[RECORDED INFORMATION]
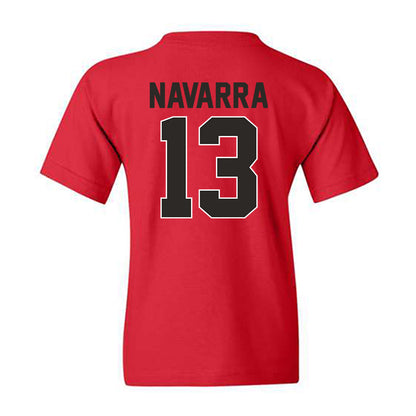 Youngstown State - NCAA Men's Basketball : Markus Navarra - Classic Shersey Youth T-Shirt-1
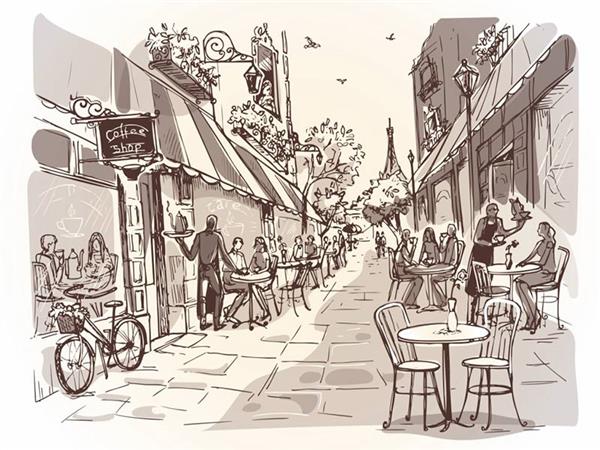 Restaurant Cafe Bar 209 Wallpaper by MywallpaperShop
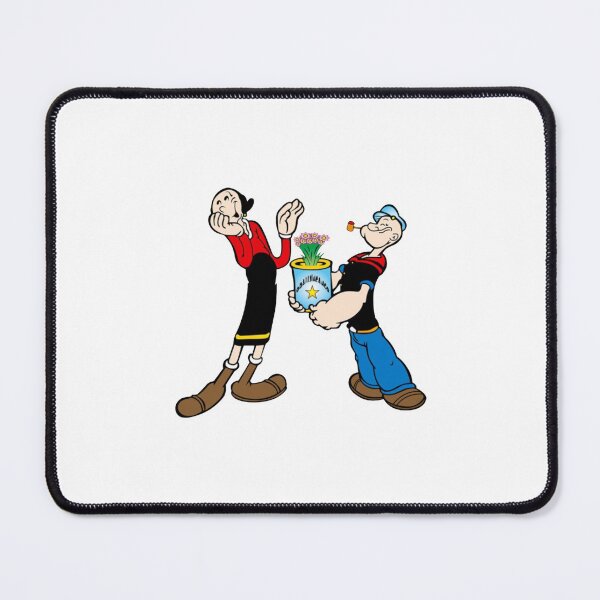 Item preview, popeye and olive oyl sticker Classic  designed and sold by Sabrina5486021.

[WHAT THE TASK ASKS]
The copy should match each line above exactly and contain no images.

[RESPONSE BELOW]
 Youngstown State - NCAA Men's Basketball : Markus Navarra - Classic Shersey Youth T-Shirt-1
 Restaurant Cafe Bar 209 Wallpaper by MywallpaperShop
 Item preview, popeye and olive oyl sticker Classic  designed and sold by Sabrina5486021.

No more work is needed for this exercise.